EXERCISE REQUIREMENTS - The response should be the records below, repeated exactly, with each picture left out.

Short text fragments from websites
▬▬▬

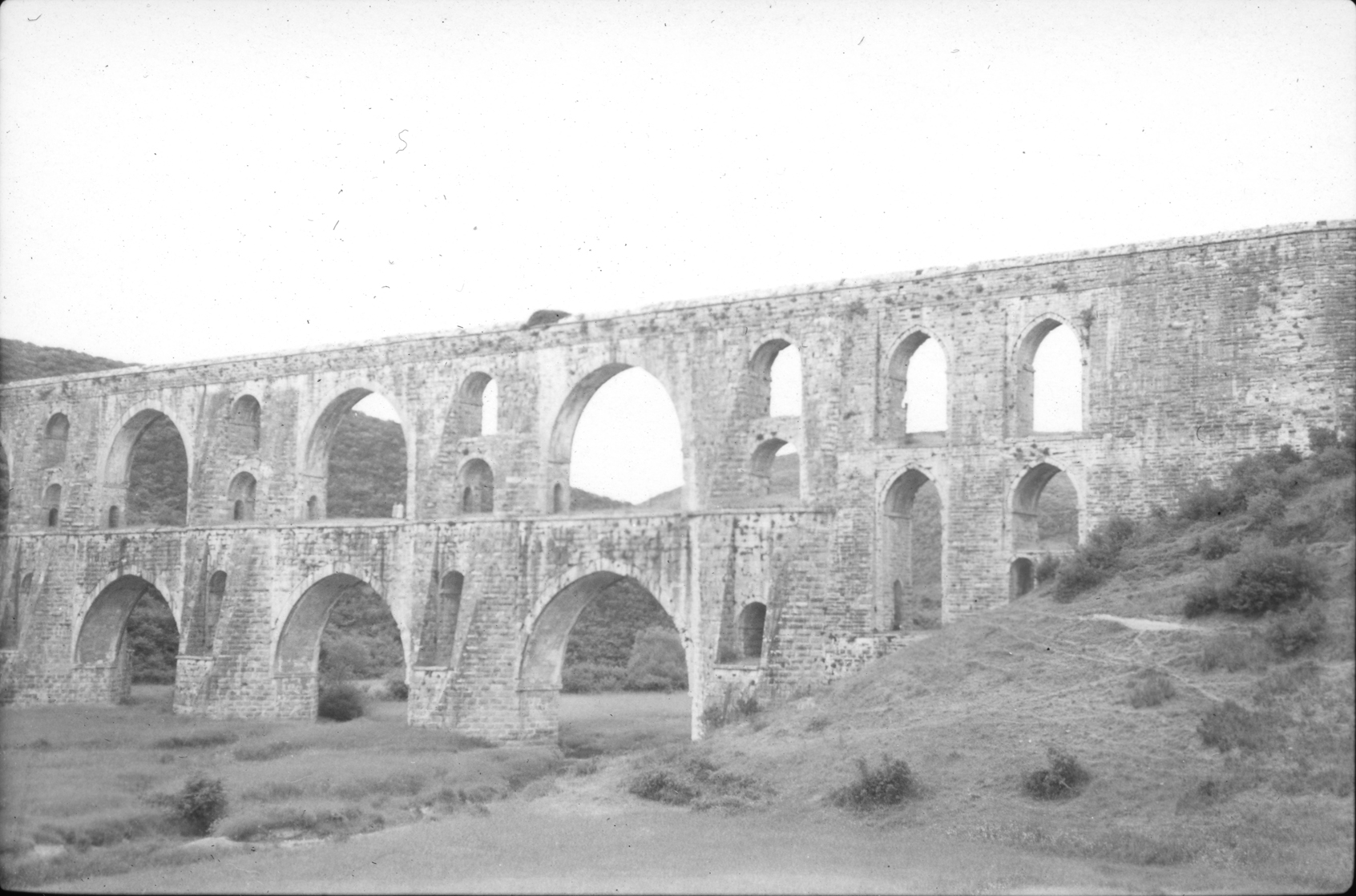 Mağlova Kemeri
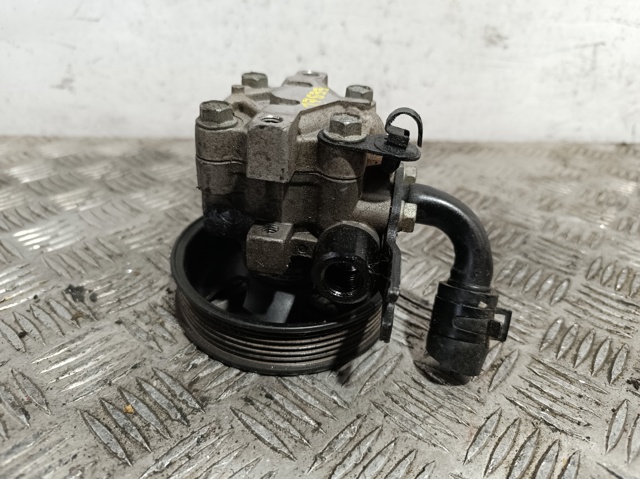 Pompa wspomagania hydraulicznego kierownicy 571002G200 HYUNDAI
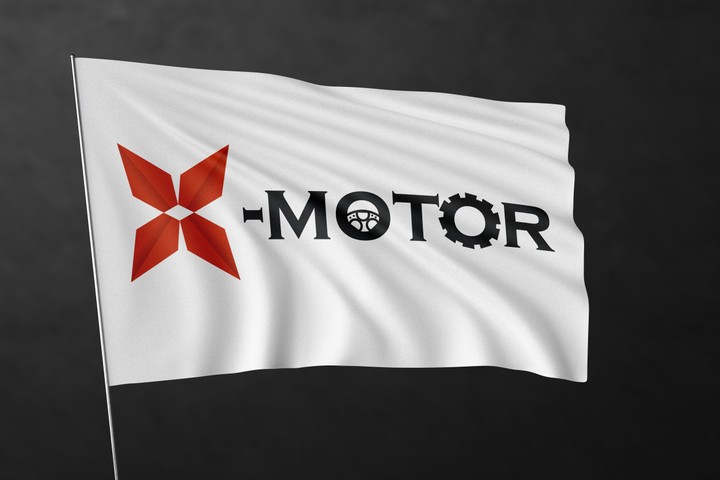 X-motor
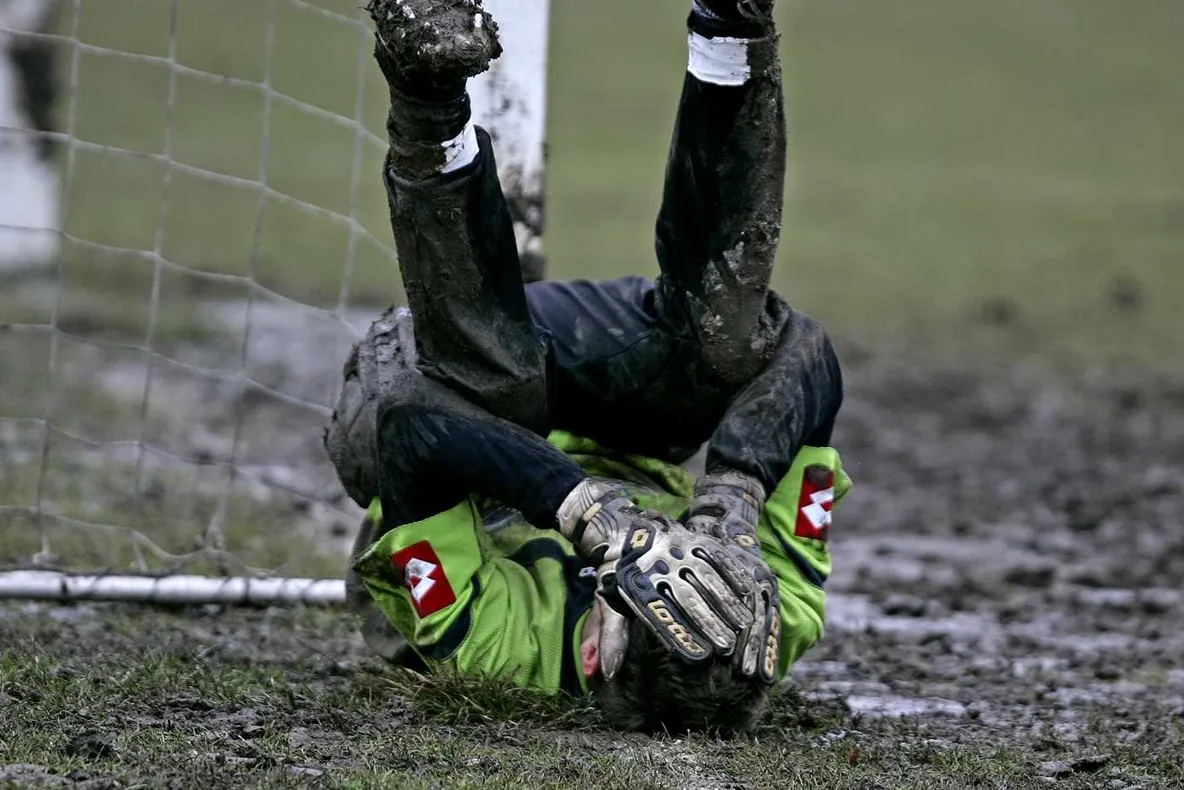 Un fotoreporter de la Prosport de Transilvania a câştigat ediţia 2009 a concursului de fotografie sportivă \"Ioan Lespuc\"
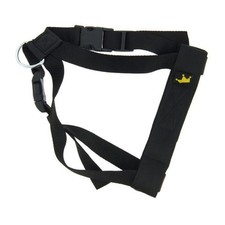 ANIMALSetCAR Harnais de securite reglable pour chien - Animalsetcar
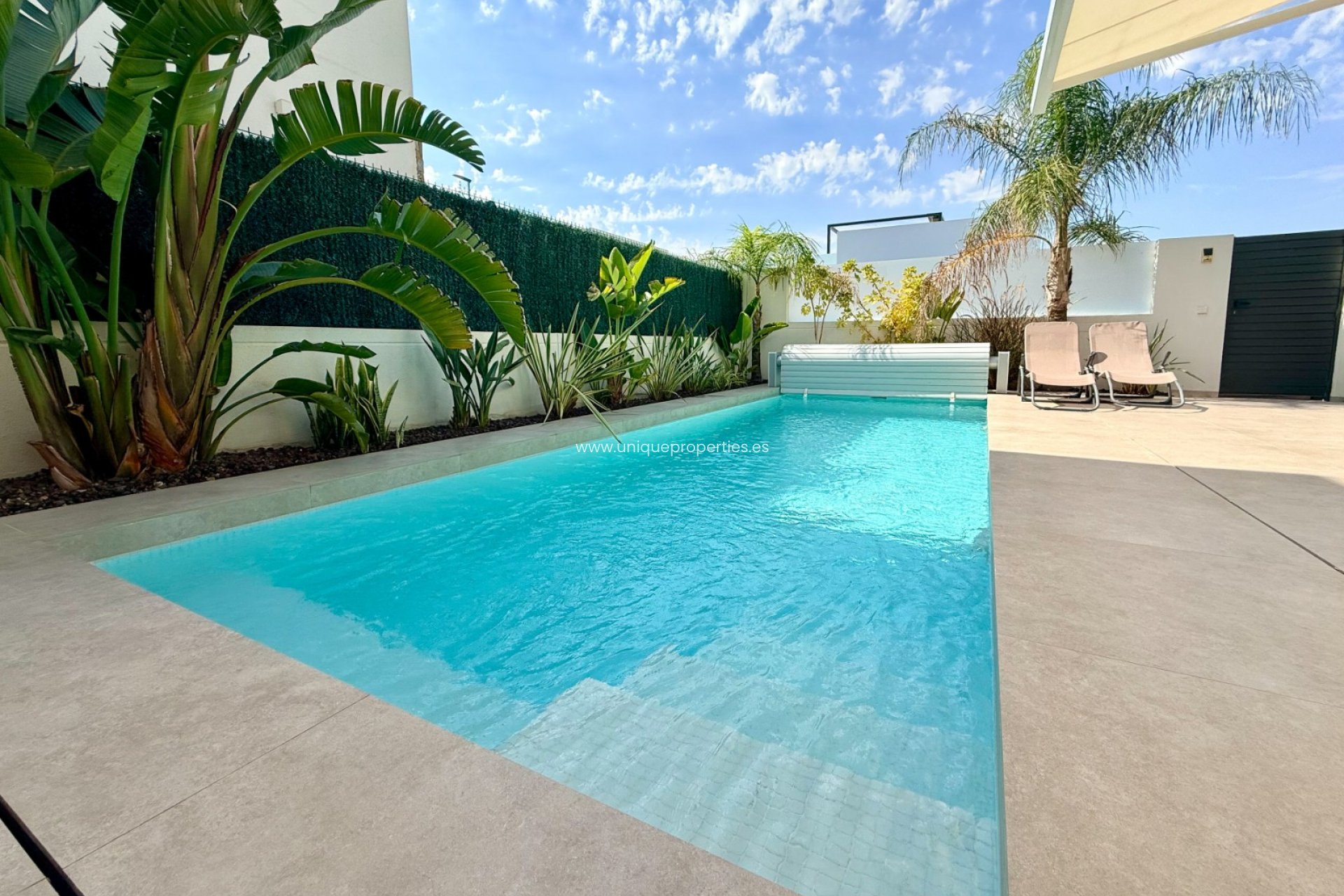 Revente - Villa -
San Javier - Santiago de la Ribera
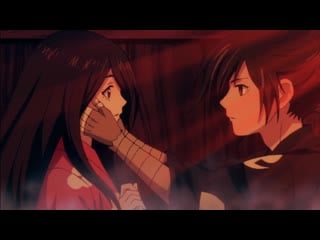 Dororo ♡ anime edit / vine / amv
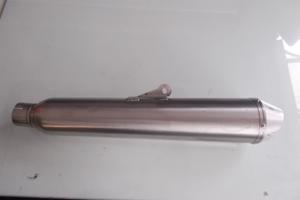 TERMIGNONI PER MOTO GUZZI GRISO 8V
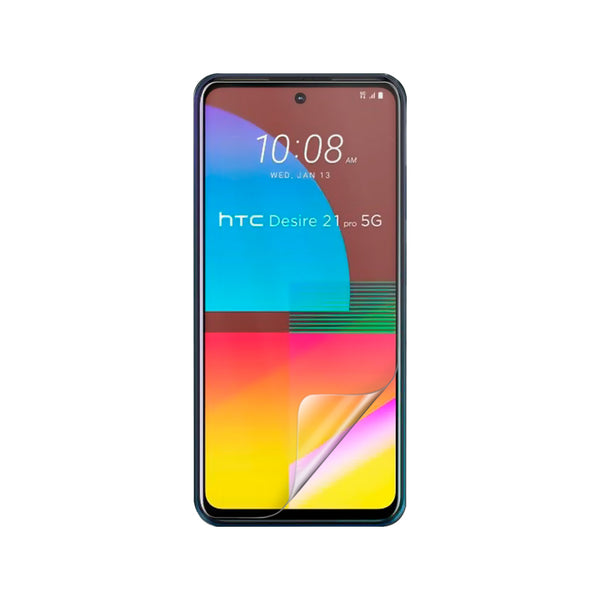HTC Desire 21 Pro Screen Guard price in Kenya in Kenya | Zentech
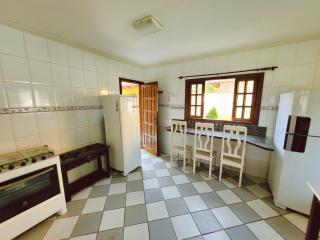 Casa de praia com piscina e playground - Vila Velha - 5
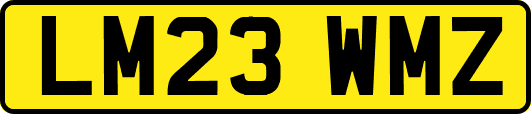 LM23WMZ
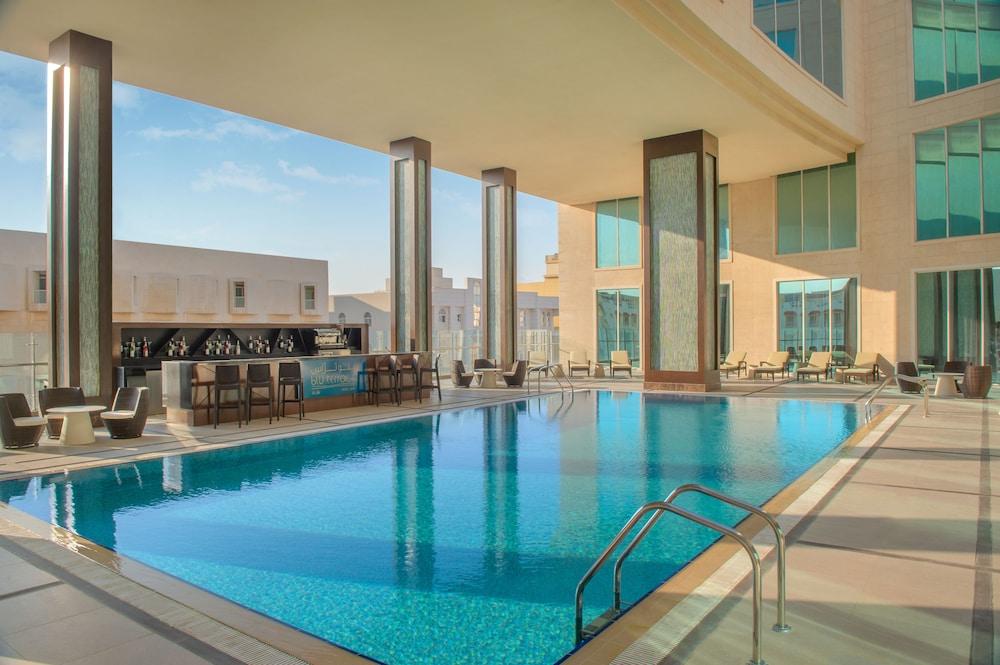 DoubleTree by Hilton Doha - Al Sadd in Doha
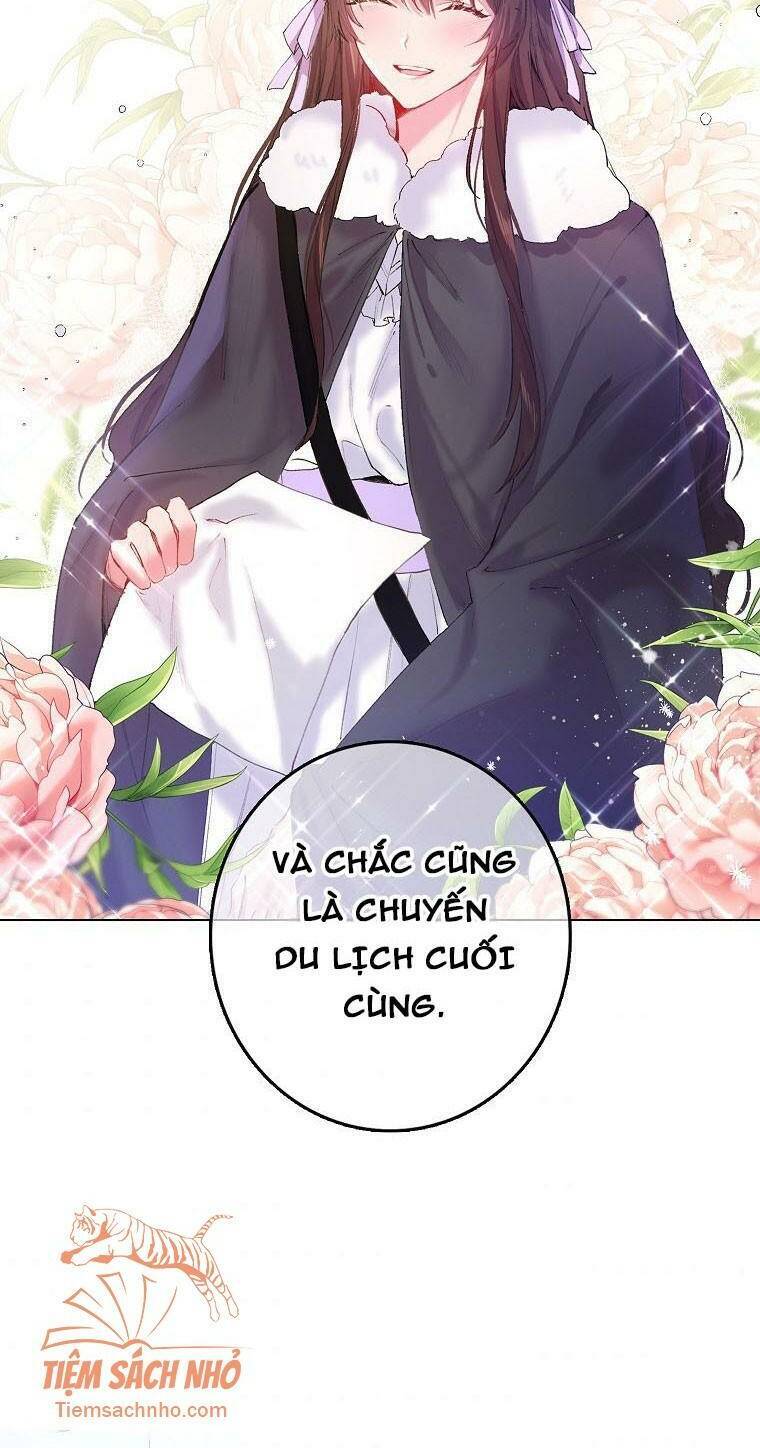 Quãng Đời Còn Lại Của Nữ Phụ Yểu Mệnh Chap 1 - Next Chap 2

▬▬▬

THE ANSWER -
 Mağlova Kemeri
 Pompa wspomagania hydraulicznego kierownicy 571002G200 HYUNDAI
 X-motor
 Un fotoreporter de la Prosport de Transilvania a câştigat ediţia 2009 a concursului de fotografie sportivă \"Ioan Lespuc\"
 ANIMALSetCAR Harnais de securite reglable pour chien - Animalsetcar
 Revente - Villa -
San Javier - Santiago de la Ribera
 Dororo ♡ anime edit / vine / amv
 TERMIGNONI PER MOTO GUZZI GRISO 8V
HTC Desire 21 Pro Screen Guard price in Kenya in Kenya | Zentech
 Casa de praia com piscina e playground - Vila Velha - 5
 LM23WMZ
 DoubleTree by Hilton Doha - Al Sadd in Doha
 Quãng Đời Còn Lại Của Nữ Phụ Yểu Mệnh Chap 1 - Next Chap 2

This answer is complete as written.